Then, rapidly and passionately, he told his love, which began years before, when she said her prayers at his side and played with the cats and Chance and worried the hens and fed old Sorrel, and he drew her on the sled and set up the Christmas tree for her. Nothing was omitted, and as she saw it all again her tears came hot and fast until, by the time he asked her to be his wife, they were falling like rain, and her hands were stretched toward him as for help. He took it as a good omen, and going to her, wound his arms around her, while for one brief moment she let her head rest on his bosom like a tired child. Then, with a great sob, like a cry of pain, she released herself from him and said: “Oh, Kenneth, if I only could, but I can’t. There is something in the way. But just this once I may say I am happier for your love, and sometime, perhaps,—God only knows, and I have borne so much, and there is such an ache in my heart, such humiliation and shame, that the knowing a good, honest man like you loves me is a comfort, even though it cannot be, and I must not tell you why. Something happened in Switzerland a year last summer which will keep me from being your wife. I was some to blame, though not as much as the other party, for, shut up in a convent school as I had been for years, I knew little of the world, while he——”

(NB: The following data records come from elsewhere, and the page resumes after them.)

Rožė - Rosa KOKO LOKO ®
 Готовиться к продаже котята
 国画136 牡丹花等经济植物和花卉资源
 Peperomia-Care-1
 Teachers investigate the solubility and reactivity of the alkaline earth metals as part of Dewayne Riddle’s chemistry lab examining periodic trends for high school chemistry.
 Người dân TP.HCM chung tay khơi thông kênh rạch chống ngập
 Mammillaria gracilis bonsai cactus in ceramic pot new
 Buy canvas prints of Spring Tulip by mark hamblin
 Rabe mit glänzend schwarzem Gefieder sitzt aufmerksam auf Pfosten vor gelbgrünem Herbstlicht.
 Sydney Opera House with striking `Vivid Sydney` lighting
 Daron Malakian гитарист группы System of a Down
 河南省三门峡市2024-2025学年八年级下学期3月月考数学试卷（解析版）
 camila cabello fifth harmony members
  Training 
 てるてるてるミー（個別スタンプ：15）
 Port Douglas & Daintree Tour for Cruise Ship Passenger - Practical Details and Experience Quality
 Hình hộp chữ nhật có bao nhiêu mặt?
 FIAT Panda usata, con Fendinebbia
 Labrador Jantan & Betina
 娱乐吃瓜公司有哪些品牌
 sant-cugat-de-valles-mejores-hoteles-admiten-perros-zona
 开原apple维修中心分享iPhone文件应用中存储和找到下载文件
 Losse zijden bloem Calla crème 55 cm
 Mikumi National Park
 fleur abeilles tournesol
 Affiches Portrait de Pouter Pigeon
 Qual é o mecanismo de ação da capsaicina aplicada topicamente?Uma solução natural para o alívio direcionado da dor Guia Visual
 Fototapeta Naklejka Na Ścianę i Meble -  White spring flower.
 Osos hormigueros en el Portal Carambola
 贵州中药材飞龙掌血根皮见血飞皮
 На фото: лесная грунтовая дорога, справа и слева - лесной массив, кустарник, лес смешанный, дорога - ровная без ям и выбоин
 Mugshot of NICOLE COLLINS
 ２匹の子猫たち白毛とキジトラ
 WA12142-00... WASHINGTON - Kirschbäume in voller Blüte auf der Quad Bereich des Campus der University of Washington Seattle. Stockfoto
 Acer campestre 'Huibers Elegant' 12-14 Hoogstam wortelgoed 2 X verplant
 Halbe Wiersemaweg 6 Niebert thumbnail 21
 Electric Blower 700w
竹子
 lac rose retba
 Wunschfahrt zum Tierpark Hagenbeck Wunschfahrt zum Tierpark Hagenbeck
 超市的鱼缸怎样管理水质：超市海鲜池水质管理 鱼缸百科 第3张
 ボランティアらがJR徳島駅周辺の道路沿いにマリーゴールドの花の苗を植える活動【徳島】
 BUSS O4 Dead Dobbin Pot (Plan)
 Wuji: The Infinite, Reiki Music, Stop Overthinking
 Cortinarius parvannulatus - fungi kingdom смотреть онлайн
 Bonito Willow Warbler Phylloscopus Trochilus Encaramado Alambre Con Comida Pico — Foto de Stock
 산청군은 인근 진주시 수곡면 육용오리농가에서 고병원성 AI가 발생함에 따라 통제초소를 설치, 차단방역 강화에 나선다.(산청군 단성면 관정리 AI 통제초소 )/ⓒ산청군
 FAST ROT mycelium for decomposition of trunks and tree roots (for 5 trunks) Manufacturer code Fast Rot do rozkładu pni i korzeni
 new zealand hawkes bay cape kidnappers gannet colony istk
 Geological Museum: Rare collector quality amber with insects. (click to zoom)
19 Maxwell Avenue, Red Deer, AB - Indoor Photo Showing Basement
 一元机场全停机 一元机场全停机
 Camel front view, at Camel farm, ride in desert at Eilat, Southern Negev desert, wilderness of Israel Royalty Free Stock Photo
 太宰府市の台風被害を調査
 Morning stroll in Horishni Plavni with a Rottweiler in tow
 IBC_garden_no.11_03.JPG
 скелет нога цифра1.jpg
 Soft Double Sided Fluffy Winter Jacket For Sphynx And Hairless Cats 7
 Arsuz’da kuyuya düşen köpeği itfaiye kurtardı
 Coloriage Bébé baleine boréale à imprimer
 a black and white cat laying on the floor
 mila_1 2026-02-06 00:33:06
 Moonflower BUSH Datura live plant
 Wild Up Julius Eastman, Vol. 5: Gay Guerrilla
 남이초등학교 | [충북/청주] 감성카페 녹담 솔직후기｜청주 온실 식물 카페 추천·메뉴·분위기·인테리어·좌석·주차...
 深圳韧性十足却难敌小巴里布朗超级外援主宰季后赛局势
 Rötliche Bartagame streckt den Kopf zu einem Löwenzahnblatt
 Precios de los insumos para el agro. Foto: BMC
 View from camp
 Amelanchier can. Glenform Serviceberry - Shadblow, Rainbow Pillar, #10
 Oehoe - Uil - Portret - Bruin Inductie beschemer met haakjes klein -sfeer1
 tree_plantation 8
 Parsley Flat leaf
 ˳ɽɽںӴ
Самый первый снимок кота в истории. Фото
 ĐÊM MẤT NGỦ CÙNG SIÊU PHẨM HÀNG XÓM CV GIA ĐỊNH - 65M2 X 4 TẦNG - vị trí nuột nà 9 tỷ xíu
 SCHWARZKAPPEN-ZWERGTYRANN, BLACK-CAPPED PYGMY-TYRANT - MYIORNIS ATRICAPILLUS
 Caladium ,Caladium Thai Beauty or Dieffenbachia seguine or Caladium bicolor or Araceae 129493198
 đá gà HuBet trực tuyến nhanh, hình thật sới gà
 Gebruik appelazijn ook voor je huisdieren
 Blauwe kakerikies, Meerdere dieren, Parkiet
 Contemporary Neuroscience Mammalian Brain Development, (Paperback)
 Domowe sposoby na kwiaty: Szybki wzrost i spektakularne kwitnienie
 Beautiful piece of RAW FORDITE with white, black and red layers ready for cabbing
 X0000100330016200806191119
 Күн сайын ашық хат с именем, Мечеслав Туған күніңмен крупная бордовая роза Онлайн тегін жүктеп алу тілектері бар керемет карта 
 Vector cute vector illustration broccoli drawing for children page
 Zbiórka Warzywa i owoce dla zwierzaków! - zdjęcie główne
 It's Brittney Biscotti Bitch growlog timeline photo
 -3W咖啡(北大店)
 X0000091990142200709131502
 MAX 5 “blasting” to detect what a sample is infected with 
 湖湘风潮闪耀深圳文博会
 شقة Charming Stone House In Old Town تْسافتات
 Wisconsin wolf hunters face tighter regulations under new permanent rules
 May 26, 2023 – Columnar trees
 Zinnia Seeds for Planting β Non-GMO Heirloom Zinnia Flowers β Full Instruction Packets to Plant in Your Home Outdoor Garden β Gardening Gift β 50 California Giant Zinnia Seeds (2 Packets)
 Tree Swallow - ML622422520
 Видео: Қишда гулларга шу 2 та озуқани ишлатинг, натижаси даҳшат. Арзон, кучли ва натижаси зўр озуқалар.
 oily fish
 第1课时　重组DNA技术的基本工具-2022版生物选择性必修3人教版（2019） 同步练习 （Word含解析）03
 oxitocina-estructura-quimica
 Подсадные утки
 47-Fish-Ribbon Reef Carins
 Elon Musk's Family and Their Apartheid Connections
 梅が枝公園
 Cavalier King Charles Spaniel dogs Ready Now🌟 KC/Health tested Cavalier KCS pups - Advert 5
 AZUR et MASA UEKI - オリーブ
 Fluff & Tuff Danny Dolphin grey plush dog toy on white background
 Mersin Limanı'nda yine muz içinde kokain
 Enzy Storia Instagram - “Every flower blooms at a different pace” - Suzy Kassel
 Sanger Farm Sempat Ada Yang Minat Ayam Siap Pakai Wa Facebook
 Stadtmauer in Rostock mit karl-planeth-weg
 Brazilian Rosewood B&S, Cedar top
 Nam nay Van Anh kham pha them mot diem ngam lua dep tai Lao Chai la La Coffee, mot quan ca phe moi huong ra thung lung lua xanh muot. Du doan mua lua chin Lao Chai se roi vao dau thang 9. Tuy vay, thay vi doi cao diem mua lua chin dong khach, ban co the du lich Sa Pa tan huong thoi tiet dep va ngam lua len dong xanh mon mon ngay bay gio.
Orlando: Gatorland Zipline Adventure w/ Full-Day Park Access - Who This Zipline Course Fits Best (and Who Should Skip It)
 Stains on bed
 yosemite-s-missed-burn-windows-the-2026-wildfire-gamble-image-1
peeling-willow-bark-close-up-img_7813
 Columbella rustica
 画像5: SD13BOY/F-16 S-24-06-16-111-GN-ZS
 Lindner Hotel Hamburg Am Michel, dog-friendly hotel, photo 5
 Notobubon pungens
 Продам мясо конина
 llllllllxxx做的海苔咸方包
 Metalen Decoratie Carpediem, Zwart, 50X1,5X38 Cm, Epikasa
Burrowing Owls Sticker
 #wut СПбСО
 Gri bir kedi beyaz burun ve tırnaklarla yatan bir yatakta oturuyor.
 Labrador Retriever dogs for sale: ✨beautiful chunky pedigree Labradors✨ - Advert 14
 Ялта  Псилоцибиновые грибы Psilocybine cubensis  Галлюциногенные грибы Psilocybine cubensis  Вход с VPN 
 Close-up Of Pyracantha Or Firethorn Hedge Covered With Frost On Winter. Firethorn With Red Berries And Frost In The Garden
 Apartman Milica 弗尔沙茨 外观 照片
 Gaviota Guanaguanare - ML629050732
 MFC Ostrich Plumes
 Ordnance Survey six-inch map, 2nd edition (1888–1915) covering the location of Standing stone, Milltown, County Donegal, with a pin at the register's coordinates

“It was a he,” Kenneth said a little sharply, and Connie replied: “Yes, but I cannot tell you any more now, except that I was foolish,—not wicked; never that. Oh, Kenneth, you must believe me a good girl, even if I do not tell you all, and you must stand by me and let me stay here. I should go insane anywhere else. Strange that the knowing you love me helps me so much. Don’t let your father and mother know.”

She stretched her hand to him again, and he took it and held it between both his own. It was terrible to lose her, but would be more terrible for her to go away where he could not see her, and while his chin quivered with the emotion he tried to suppress, he asked, “Do you love that man?”

No!” and a hot gleam of passion leaped into Connie’s eyes. “I thought I did, but that is past, and if he stood here now as you stand suing for my love, I’d spurn him as I would a snake. I have thought he might be dead. I shall find out in time, and when I do I will tell you all. Now I cannot. Don’t refer to it again. Let me be just Connie, a weak girl, trusting you as a brother, happier to be here than anywhere else.”

She had talked rather incoherently, but Kenneth understood that for the present at least he could only love her with no hope of a consummation by marriage. There was a bar between them, but she was as pure as the wintry snow. He was sure of that, and said to her at last: “I’ll wait, and hope and pray that the obstacle may be removed.”

“I knew you would, and you have made me as happy as I ever can be until it is removed,” she said, lifting her face in such a confiding way that a hundred obstacles could not have prevented him from stooping down and kissing it, feeling, as he did so, that it was a kiss of betrothal which would last during all time.

They were very silent on their way back to the house, where, fortunately for Kenneth, he found several calls for his professional services. It was well for him to be busy, as it kept his mind from dwelling on Connie and the mystery he must not try to fathom. It was some comfort to know she was in his home, a sunbeam in his parents’ life and all the world to him, with her sunny face and smile and words of welcome when he came in from his round of calls.

“Sometime I shall know,” he thought, and the time was nearer than he supposed.

CHAPTER XIV
MRS. HARRY MORRIS

After that walk to the ledge Connie seemed much happier, and began to take a lively interest in the Morris villa, the work on which was being pushed rapidly. Mr. Jones had called upon the deacon for his signature to Harry’s note for three thousand dollars, payable in six months. Connie was seated upon the piazza when he came, and through the open door could not fail to hear the conversation between the three men, Mr. Jones, the deacon and Kenneth, the latter of whom objected to his father’s pledging himself for so large a sum.